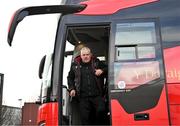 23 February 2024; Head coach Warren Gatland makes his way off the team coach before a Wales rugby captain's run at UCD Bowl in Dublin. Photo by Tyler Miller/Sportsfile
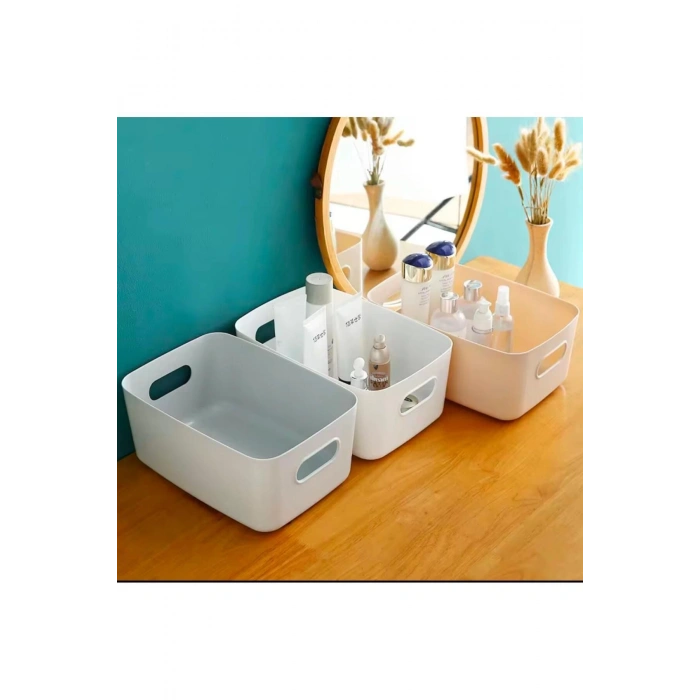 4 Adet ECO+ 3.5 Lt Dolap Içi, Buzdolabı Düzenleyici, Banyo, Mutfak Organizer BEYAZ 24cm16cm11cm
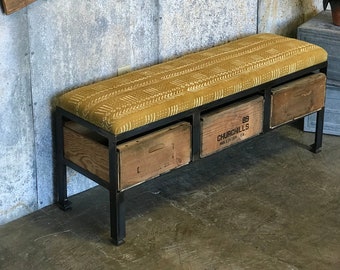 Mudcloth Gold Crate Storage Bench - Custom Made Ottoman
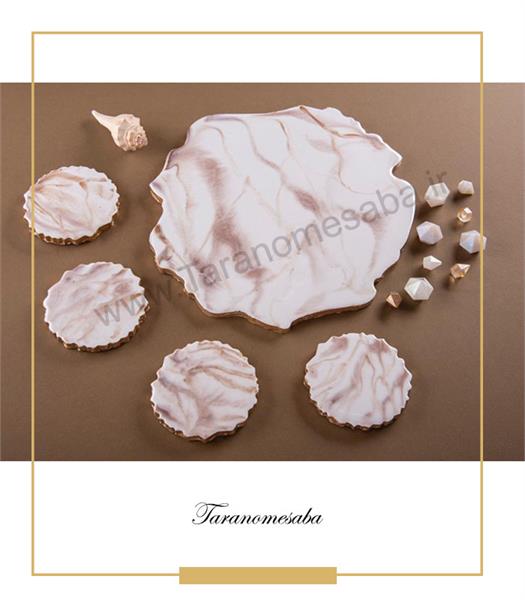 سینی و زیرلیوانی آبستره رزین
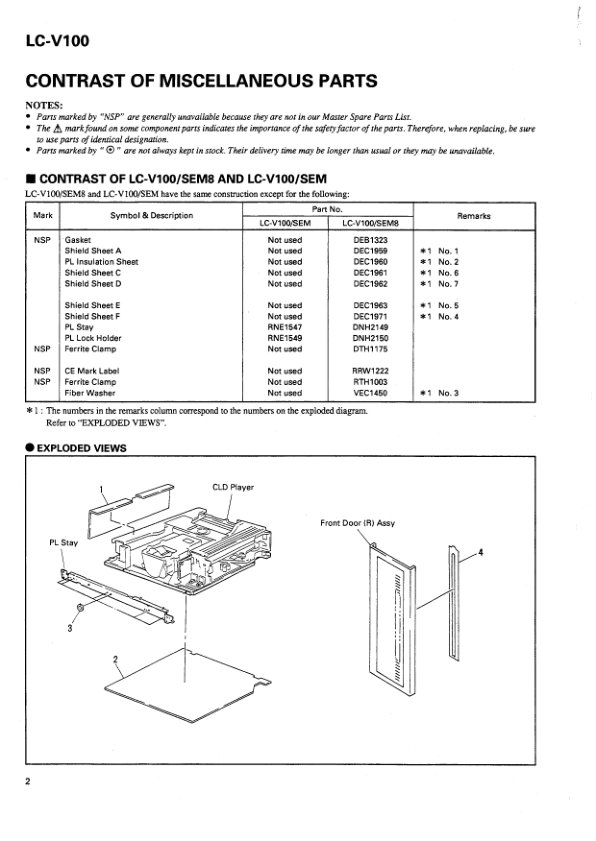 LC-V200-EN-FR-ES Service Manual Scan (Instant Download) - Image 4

····················

Work order: Copy everything in the records above except the pictures, exactly as written.

Result for this task:
 23 February 2024; Head coach Warren Gatland makes his way off the team coach before a Wales rugby captain's run at UCD Bowl in Dublin. Photo by Tyler Miller/Sportsfile
 4 Adet ECO+ 3.5 Lt Dolap Içi, Buzdolabı Düzenleyici, Banyo, Mutfak Organizer BEYAZ 24cm16cm11cm
 Mudcloth Gold Crate Storage Bench - Custom Made Ottoman
 سینی و زیرلیوانی آبستره رزین
 LC-V200-EN-FR-ES Service Manual Scan (Instant Download) - Image 4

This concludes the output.